If you want to evaluate the algorithms, more configurations need to be done:
-
the code evaluates the algorithms on the RWC Pop dataset, if you have the dataset and want to evaluate on it, edit the value
DATASET_BASE_DIRS['RWC']
so that it points to the location of the dataset, and ensure the directory structure is as listed below:. └── RWC-MDB-P-2001 ├── AIST.RWC-MDB-P-2001.CHORUS ├── RWC研究用音楽データベース ├── RWC研究用音楽データベース Disc 2 ├── RWC研究用音楽データベース Disc 3 ├── RWC研究用音楽データベース Disc 4 ├── RWC研究用音楽データベース Disc 5 ├── RWC研究用音楽データベース Disc 6 └── RWC研究用音楽データベース Disc 7
-
for evaluation of the pop-music-highlighter, since the python version is not compatible with that of the highlighter, you need to get its result in advance and set the value of
ALGO_BASE_DIRS['PopMusicHighlighter']
so that it points to the location containing the results as<originalAudioFileName>_highlight.npy
files.
To detect the chorus sections of a music recording, use the predict.py
:
Usage: predict.py [OPTIONS] [AUDIOFILES]...
Options:
--outputdir PATH
--metaOutputdir PATH
--algo [multi|single]
--force BOOLEAN overwrite cached features.
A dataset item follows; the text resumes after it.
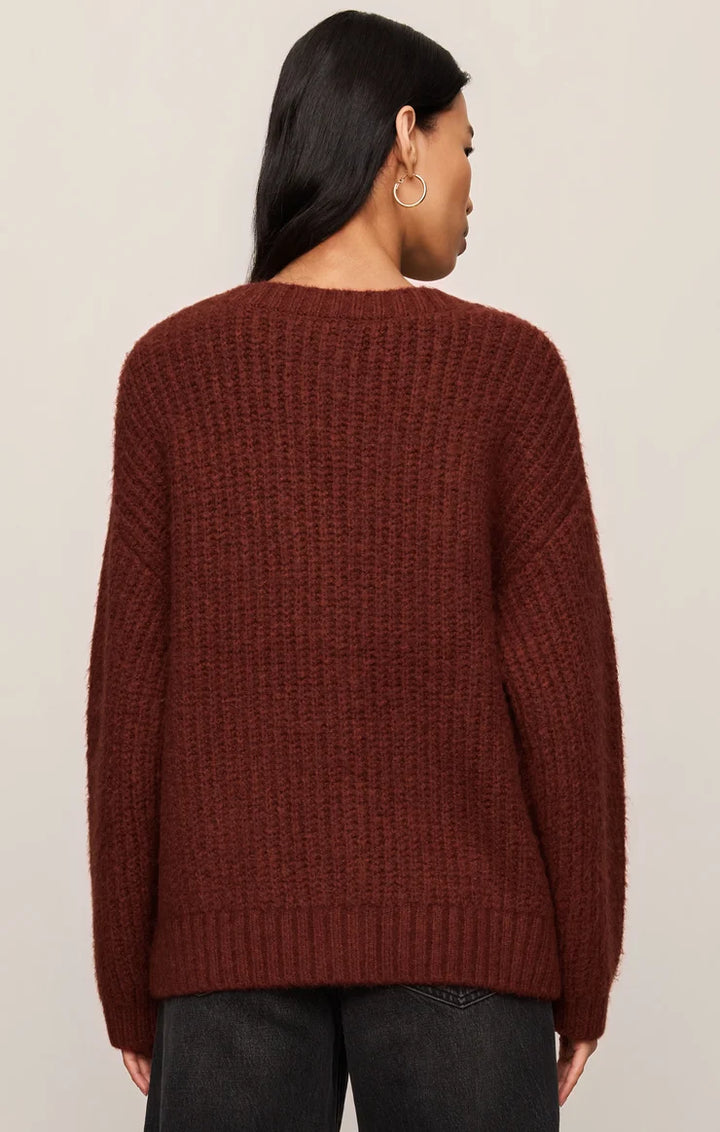 Person wearing a maroon sweater against a beige background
--help Show this message and exit.
A Quick example is
python predict.py ./data/example/starfall.mp3 --force false
By default, the algorithm outputs all the chorus sections detected, but you can use the option --algo single
to force it outputs a single chorus section.
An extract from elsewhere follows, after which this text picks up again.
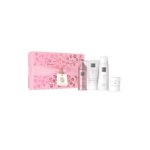 Un coffret cadeau rose sur le thème des fleurs de cerisier, The Ritual of Sakura Coffret ressourçant, avec un nœud et quatre produits pour le bain et le corps - un vaporisateur rose et trois flacons/jarres blancs - disposés proprement sur un fond blanc. Dakar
The default directory for mirex format output (OUTPUTDIR) is ./data/predict
, the output file contains 3 columns:
<onset_time(sec)>\t<offset_time(sec)>\t<label>\n
<onset_time(sec)>\t<offset_time(sec)>\t<label>\n
...
The default directory for viewer metadata (METAOUTPUTDIR) is ./data/viewerMetadata
, the JSON files were used for a simple HTML player which shows the result of chorus detection. To view the output and play the music, use the simple HTML page ./viewer/index.html
to open the metadata file.
The metadata generated by the algorithm always links to a local audio file. For a quick example, however, you can open the file data/example/starfall_meta.json
which has an online audio link in the viewer:
To evaluate the algorithms, calculate the features for audio files first, and train the classifier, then evaluate:
python feature.py build && python feature.py train && python eval_algos.py
Besides the dataset RWC Pop and SALAMI provided in the code, you can add your own dataset for training and testing. For this purpose, you should add a custom dataset class in utility/dataset.py
which would be a subclass of BaseStructDataset
. The audio files and annotations should be set in the class variable self.pathPairs
on initialization, whose type is a list of namedtuple StructDataPathPair
. Then you need to implement the loadGT
method in the custom class, loadGT
accepts the path of the annotation file, and returns a MIREX format data, which is composed of segments' onset/offset times and its label. You can also optionally implement the method semanticLabelDic
which accepts nothing and returns a dictionary that maps the label used in your dataset to specific numbers, it's used for generating labeled target Self-similarity Matrix, but this functionality was not used currently. However, the labels used for training is generated using a string-match method, all the labels from the dataset start with the substring "chorus" is considered as the target segments.
The overview of the algorithm is described in the image below. Firstly, acoustic features as pitch chroma, MFCC, chroma, and tempogram were calculated from the input music recording. Then self-similarity matrices were generated on these features and fused into one. Low-level patterns were extracted by graph algorithms assuming transitivity of similarity and merged to form top-level structures. In the end, a classifier learns from the training data to detect chorus sections and makes predictions on structural information and melody features of the input sections.